→ TASK DESCRIPTION
Print the lines below word for word, beginning with the first and ending with the line that holds "Extremely Soft Gentle", and skip every picture.

--------------------------------

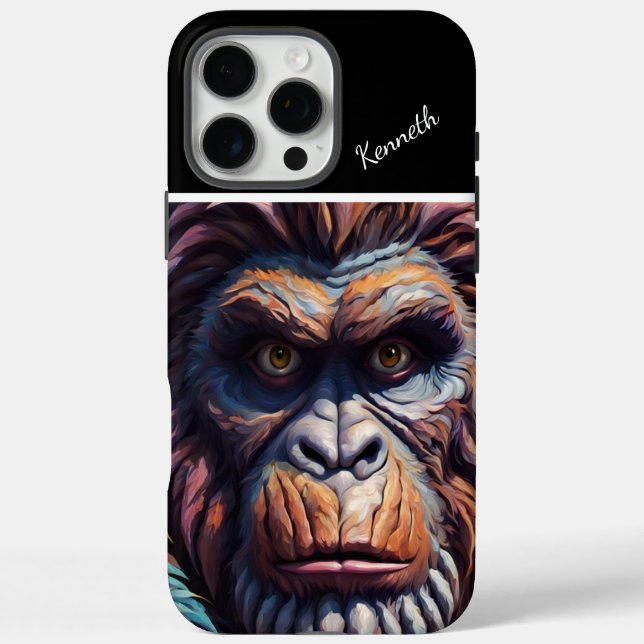 A Primate's Big Foot Gaze Case-Mate iPhone Case (Back)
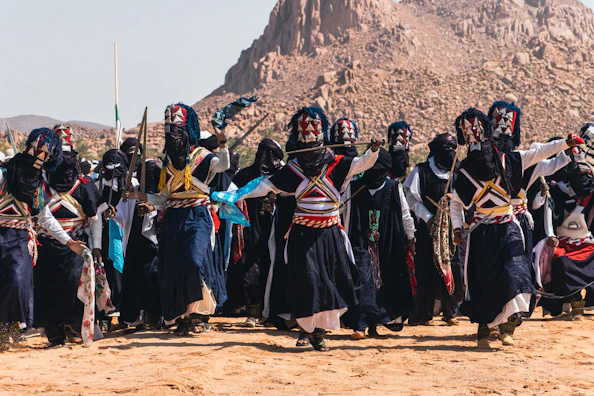 Sebiba Festival celebration in Djanet, Algeria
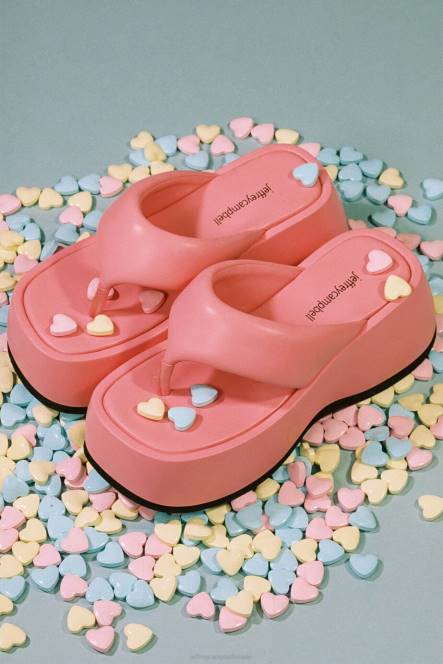 Jeffrey Campbell huilebalk NDHB246 platform sandaal roze vrouwen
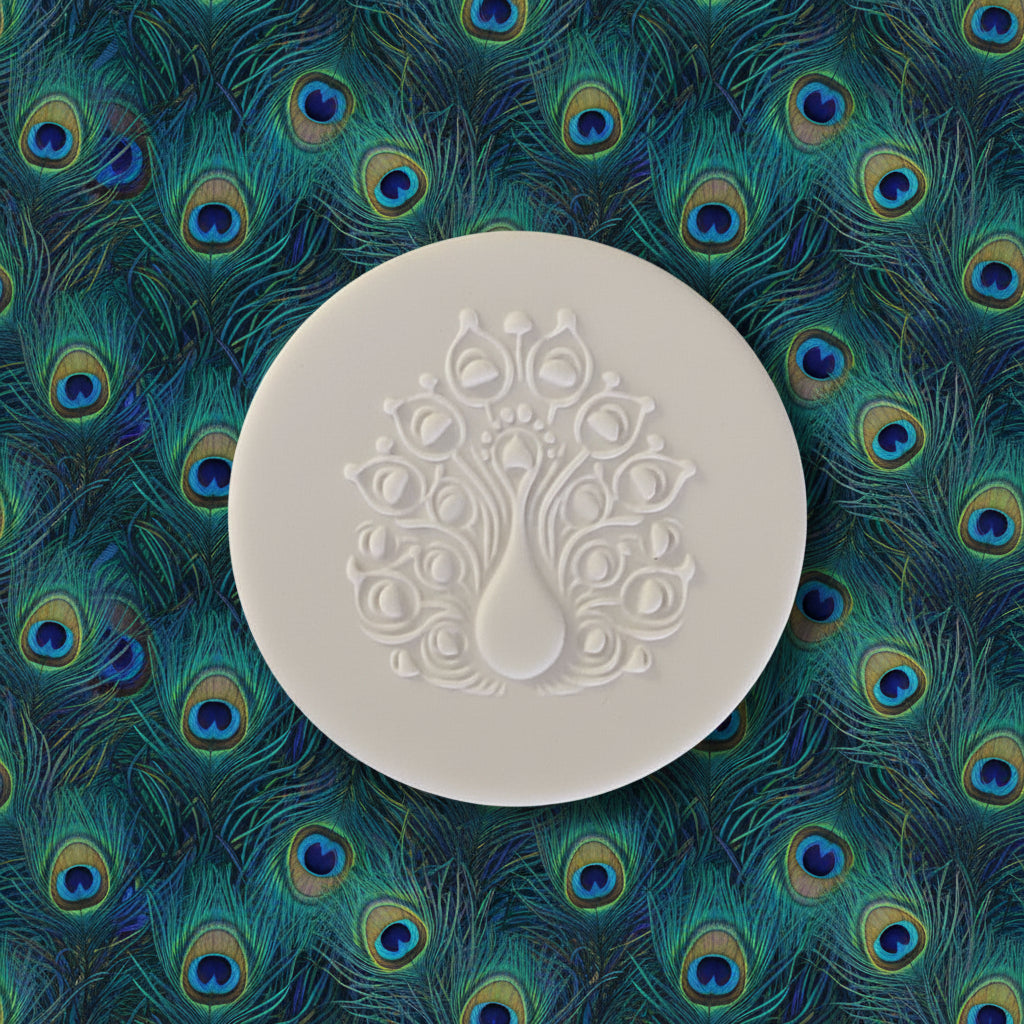 Proud Peacocks Texture Mat – 95 x 55mm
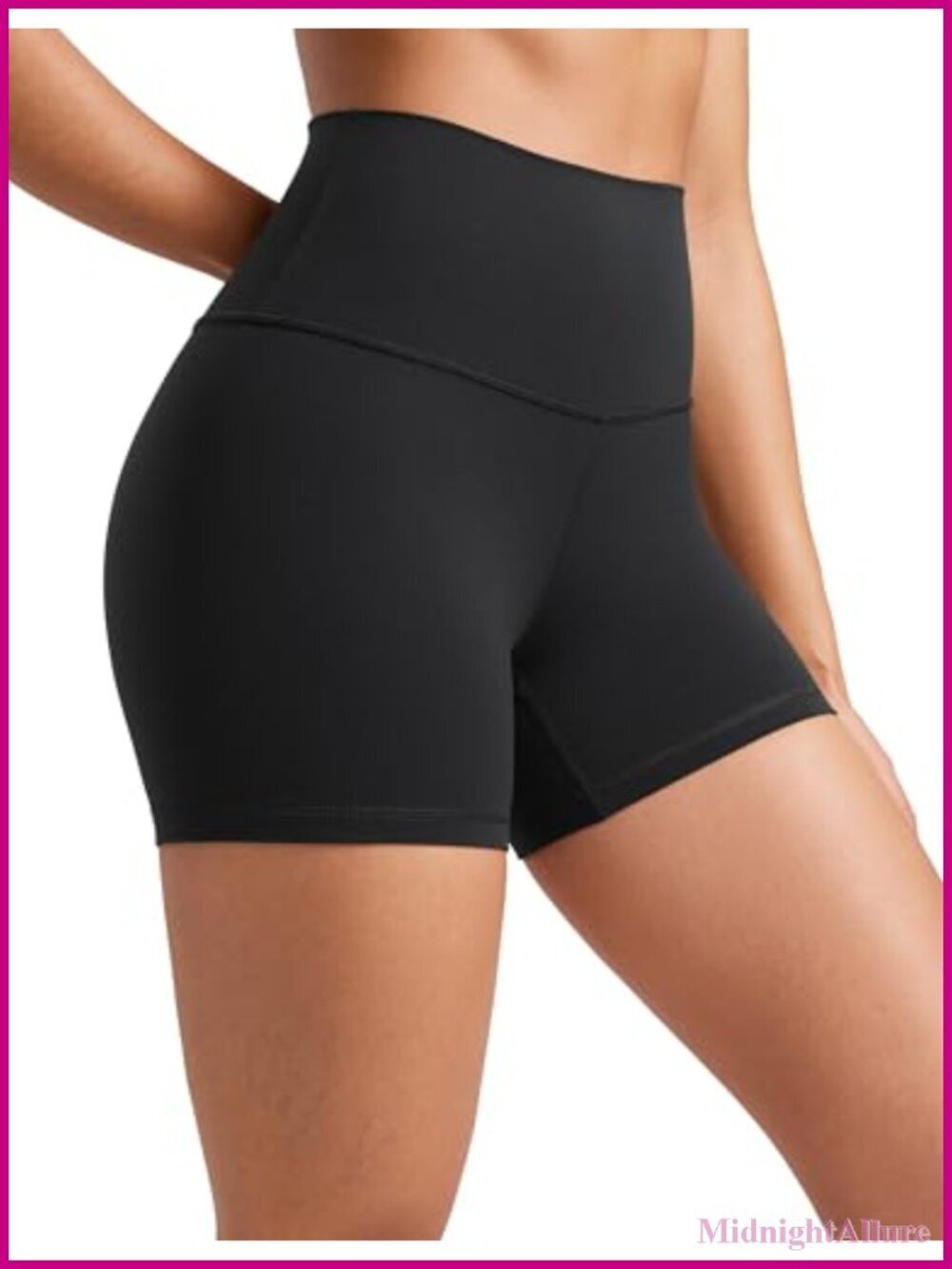 Extremely Soft Gentle Compression High Waisted Biker Shorts 4" Inseam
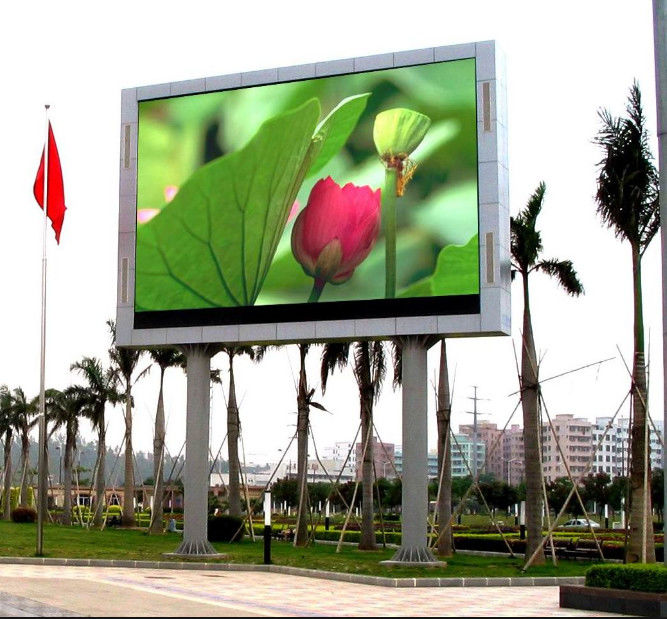 IP65 RGB Outdoor P10  Full Color LED Display Led Big Screen 960*960 cabinet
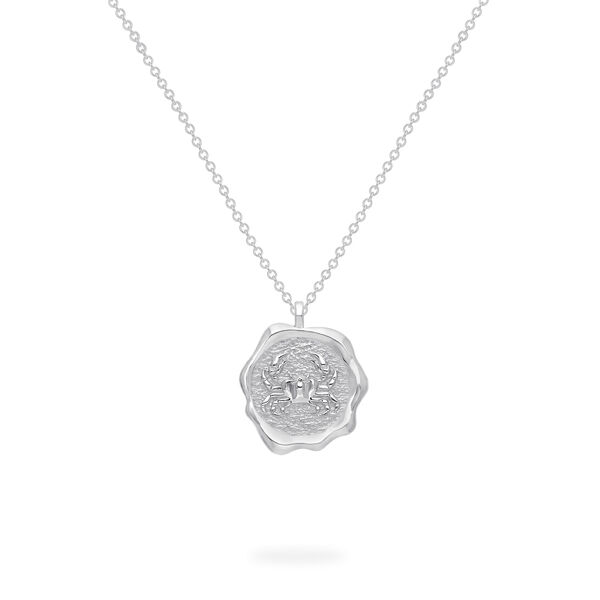Pendentif Cancer du zodiaque en argent sterling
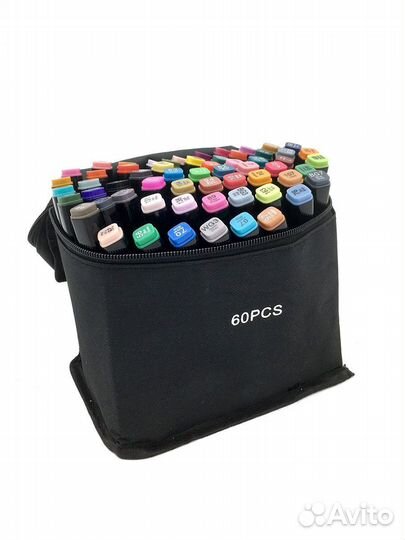 Набор маркеров для скетчинга 60 шт в упаковке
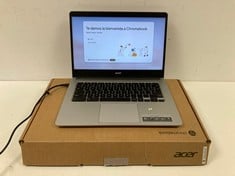 ACER CHROMEBOOK 314-2H 41 GB LAPTOP (ORIGINAL RRP - 215,75 €) IN SILVER: MODEL NO N21Q6 (WITH BOX AND CHARGER, ONLY WORKS WHEN PLUGGED IN). ARM CORTEX-A53, 3 GB RAM, [JPTZ6470].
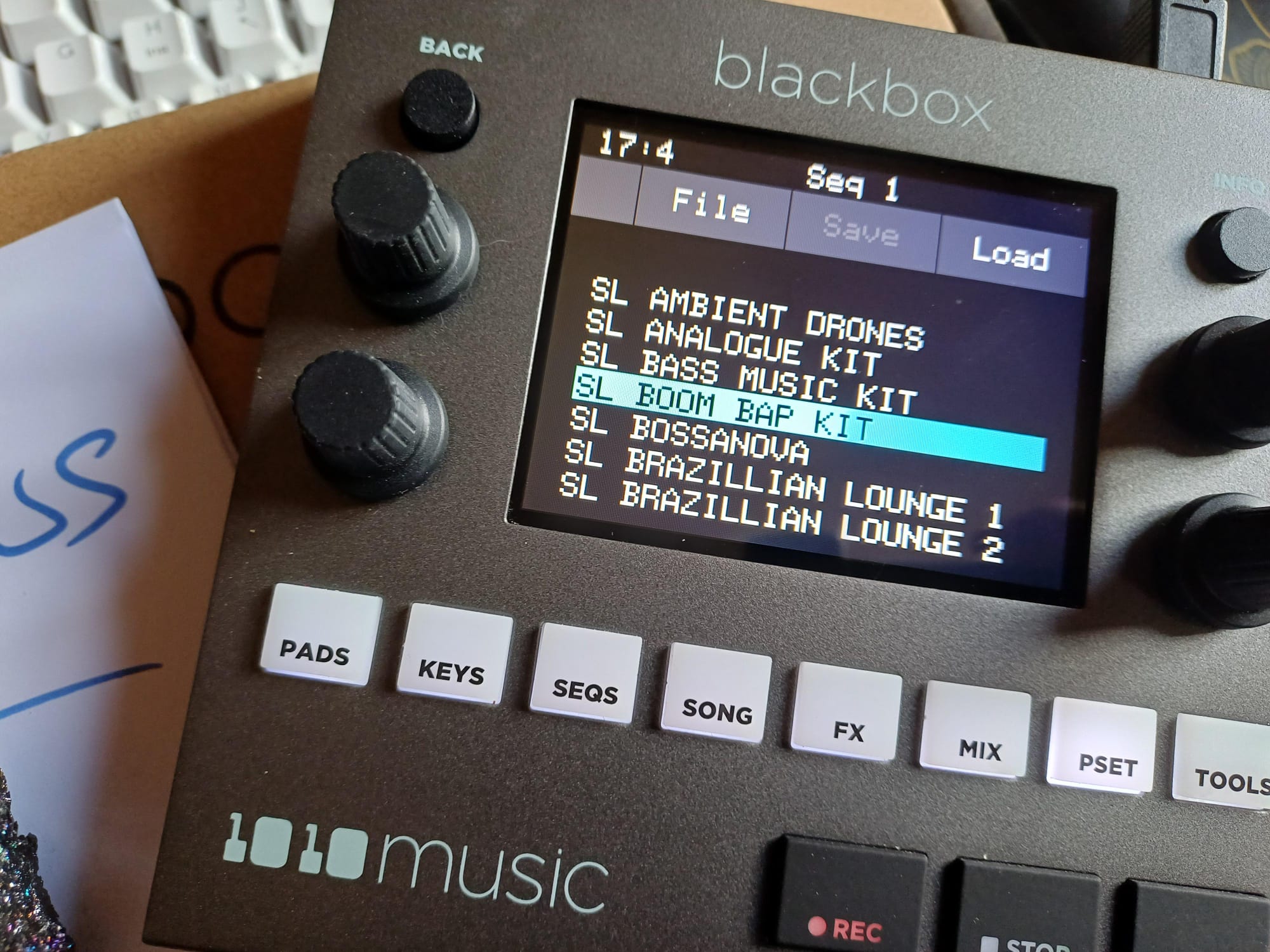 1010music Blackbox nickelle sous garantie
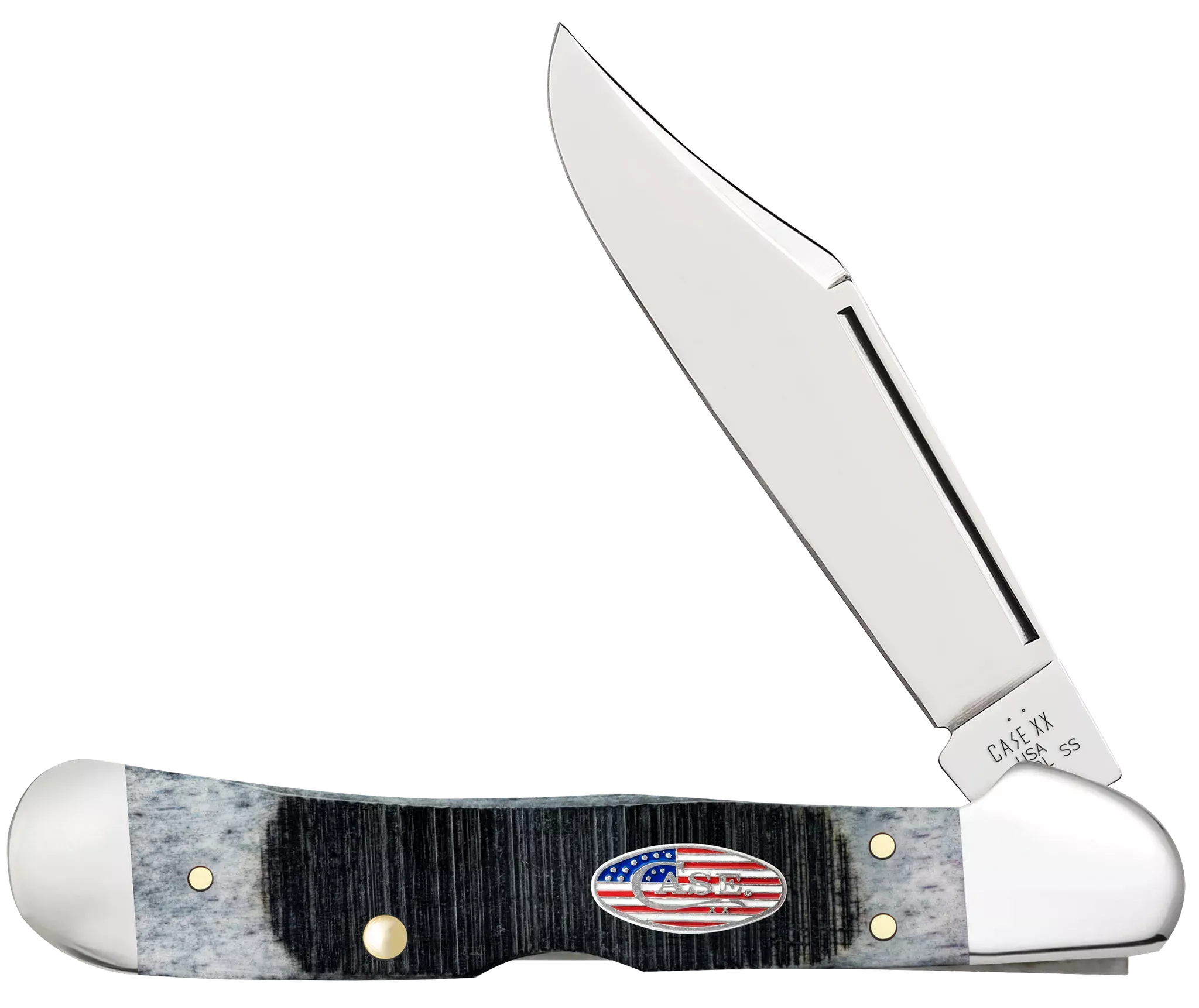 CopperLock Stars & Stripes 2.99″ Wharncliffe Plain Folding Knife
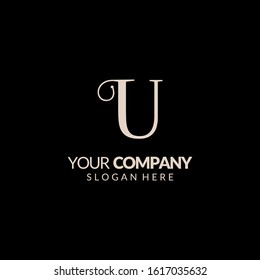 Initials U Logo Creative Template Sign Vector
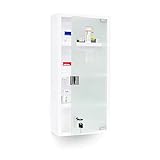 Relaxdays Medizinschrank EMERGENCY XXL Medikamentenschrank...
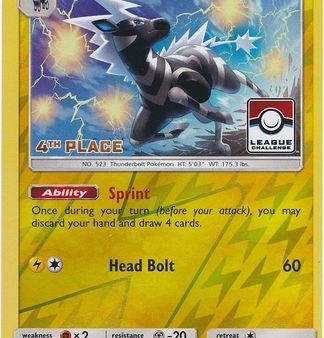 Zebstrika (82 214) (League Promo 4th Place) [Sun & Moon: Lost Thunder] Supply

--------------------------------

→ RESPONSE BOX
 A Primate's Big Foot Gaze Case-Mate iPhone Case (Back)
 Sebiba Festival celebration in Djanet, Algeria
 Jeffrey Campbell huilebalk NDHB246 platform sandaal roze vrouwen
 Proud Peacocks Texture Mat – 95 x 55mm
 Extremely Soft Gentle Compression High Waisted Biker Shorts 4" Inseam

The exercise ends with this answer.